敵は自分の中にいる。ちょっとだけ抗ってみたくなった、ぽ子55歳。

真夜中の鎮静剤

この頃は気の持ちようで、イライラしてストレスを溜め込んだり些細な事で腹を立てたりはあまりしないようになった。

要は「流す」、これに尽きる。

気付いてはいけない。深追いしてもいけない。

しかしだ、昨日は夜が深まるにつれ私は自分のイライラを認めない訳にはいかなくなった。

一度認めてしまうと何でもかんでも腹が立ってくる。

この悪循環の中でもがいていたが、もうダメだ、アレを・・・。

「・・・じゃ、飲みますか。」

ダンナが私の顔を見て、とうとう言った。

おうっ、良くぞ言った、これで半分はアナタのせいって事で。

こうして1ヶ月間、月曜から金曜まで飲まないという目標は、呆気なく達成できずに終わったのだった。
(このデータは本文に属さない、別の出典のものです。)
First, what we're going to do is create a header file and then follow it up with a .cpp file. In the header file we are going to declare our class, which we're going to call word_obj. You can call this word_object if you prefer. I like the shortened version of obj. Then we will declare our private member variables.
「あのー、この『目標』、月割りじゃなくて日割りにしません??」

ここで挫折して、次のチャンスのスタートが来月では遠すぎる。

「30日連続記録でご褒美、と言う事に・・・。」

ははは、とダンナは力なく笑ったが、まるでこうなる事は最初からわかっていたような呆れ顔であった。

さて、イライラの原因だが、「ゲームの時間が思うように取れなかった」という些細な事であった。
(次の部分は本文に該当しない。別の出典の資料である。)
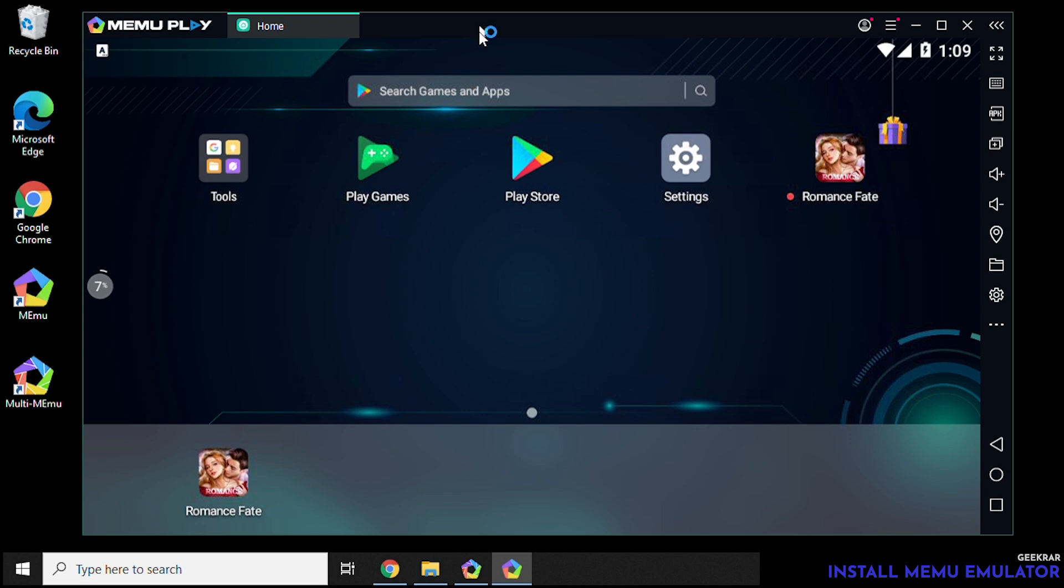So this is how you install Mimu on a Windows 10 PC. I hope you enjoyed the video. If you have any questions please put them in the comments below and I'll do my best to answer them. Thank you for watching and I'll catch you on the next one.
しかもその原因は二度寝と夕寝であり、自業自得なのだ。

それがまたイライラさせるのだが、実際にはちゃんとゲームもやった。

やったがもっとやりたかったのだ。

オンラインゲームの支払いに手間取り腹が立ち、結局それは諦め腹が立ち、ゲームを始めたら敵が強くて腹が立った。

でかいイノシシみたいな野郎が、こっち目がけて突っ込んでくるのだ。

私はひとりで戦う。

突き飛ばされる。

腹が立つ。

こいつ絶対ブッ殺す。

その繰り返しで私のイライラはどんどん膨れ上がっていく。

以前はこの手のイライラならタバコで簡単に解消できたのだが、今はそれに変るものはひとつだ。
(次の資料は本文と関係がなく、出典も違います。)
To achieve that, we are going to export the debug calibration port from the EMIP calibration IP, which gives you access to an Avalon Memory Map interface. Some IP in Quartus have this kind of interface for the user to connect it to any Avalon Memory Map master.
平日飲まない、と変な誓いを立てた自分にまた腹が立ったが、飲んでしまえば全て丸く収まるように感じた。

しかしそれを私が言い出してはいけない。

そんな自分にまた腹が立ってしまうからだ。

ダンナは残業で11時半に帰ってきたが、それを迎えたのは仏頂面の妻である。

私は、自分のイライラがダンナに伝わっている事を感じたが、コラ・・・言うな、絶対言ってくれるなよ。

怒っている人間に「怒ってる?」は禁句なのだ。

イライラしている人間に「イライラしてるの?」ももちろん厳禁である。

ダンナはそれを言わなかった代わりに、風呂から出て「・・・じゃ、飲みますか。」とだけ言った。

これで私の気は済んだ。

飲もう飲もうと言って、イノシシ野郎の強さを怒涛のように喋り続けた。

フー。

で、寝たのは3時、起きたのは5時である。

そうなると二度寝となり、今日も時間がなくてイライラし始めていた。

しかし「今日も飲むか」というメールがダンナから届いたので、今日はイノシシ野郎とももうちょっと暖かい気持ちで戦えそうな予感である。